Motorbikes clotted the side of the road. People were stopped -- they were staring. My driver made an exclamation in Khmer. I didn't understand. On the left side, a few of the curious had moved, but they were stopped from pushing any further. Police had control of the scene. My heart beat faster. What was I about to see?

Focused on getting me to my destination, my driver began to creep through the gawking throngs. Over everyone's heads, I then looked, and a street scene began to move like a well-planned slide show; piece by engaging piece.

A large cargo truck was stopped; at a complete standstill.

Fragments and chips were scattered beneath its front.

A grim sound registered in my ears.

*pshh*
*pshhh*


Glass was everywhere.

Weaving about, I caught a view.

A man held a can of white spray paint and shook it, up and down.

*ticka-ticka-ticka*

He continues his task.

*pshh*
*pshhh*

He was outlining marks where a limp body had just laid on the pavement, most likely minutes before.

I wanted to look away, but I keep looking.
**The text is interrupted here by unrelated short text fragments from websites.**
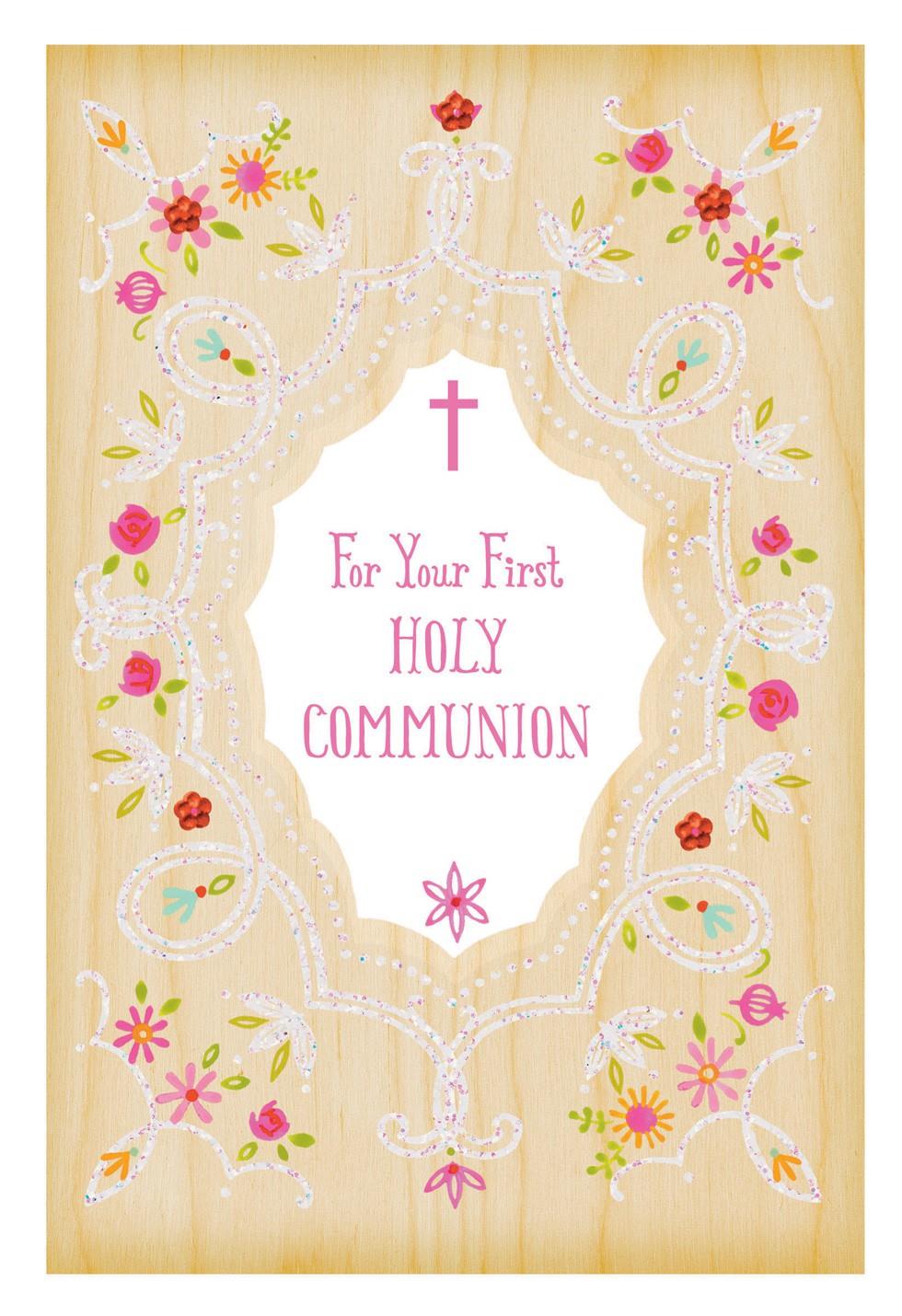 Every Grace and Blessing First Holy Communion Card for Her ...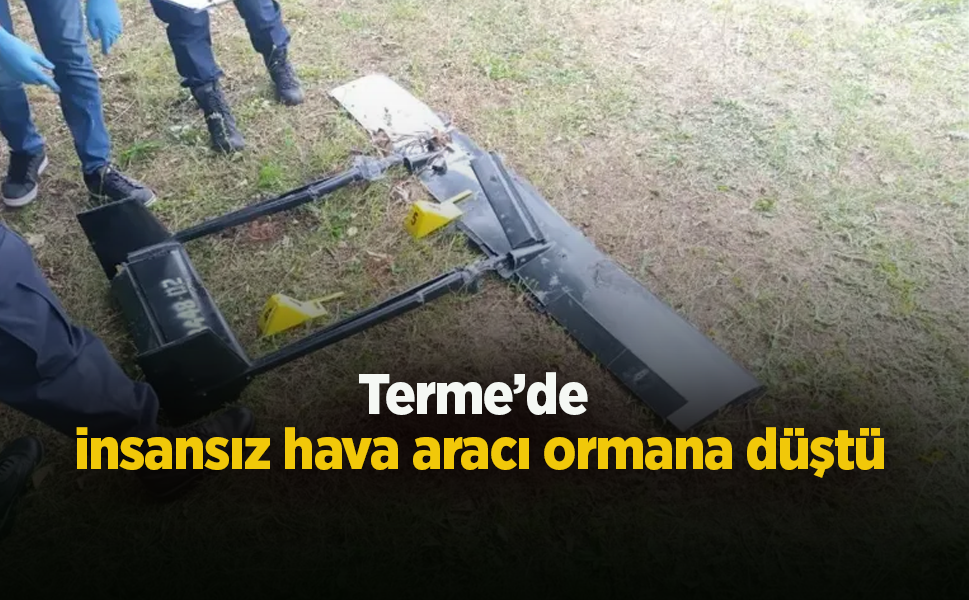 Samsun'da insansız hava aracı ormana düştü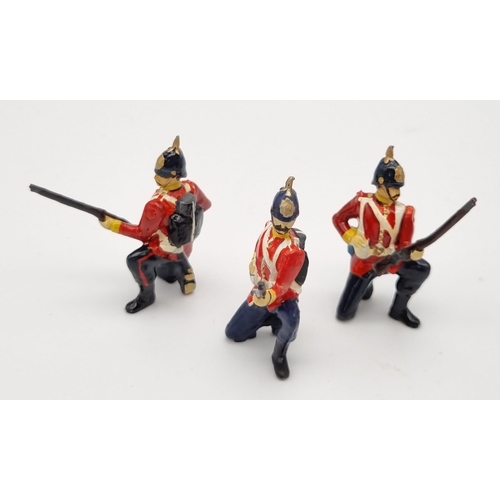 546 - A Vintage Set of Seven British Infantry 1900s Lead Soldiers.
There were flashing lights, and whoever was laying on the asphalt moments ago had just been dragged away.

Glass was everywhere. Everyone was staring. It appeared a motorbike was involved, and with this thought, I doubted there were survivors.

I was glad we did not stall. My driver raced on up the road. I actually pushed the rest of my ice cream cone into my mouth. I surprised myself, though I know the world is becoming less shocking to me. But this moment of awareness, this slide show on the street, brought me face to face with my own mortality. I won't stop riding motorbikes, but I was reminded, life is fragile.

A tear welled on my lower eyelid. I smelled the night air around me. It was cool on my skin. I was alive, but someone was not.

Sunday, June 15, 2008

Pagoda Boys.

From the beginning of May until the end of the June 2008, I lived in a pagoda in rural Cambodia. In the countryside of Kampong Cham, I was gracefully invited to make my home. I accepted.

The subjects of the photographs at the bottom of this entry, these boys and men, hold a special place in my heart. These are my roommates.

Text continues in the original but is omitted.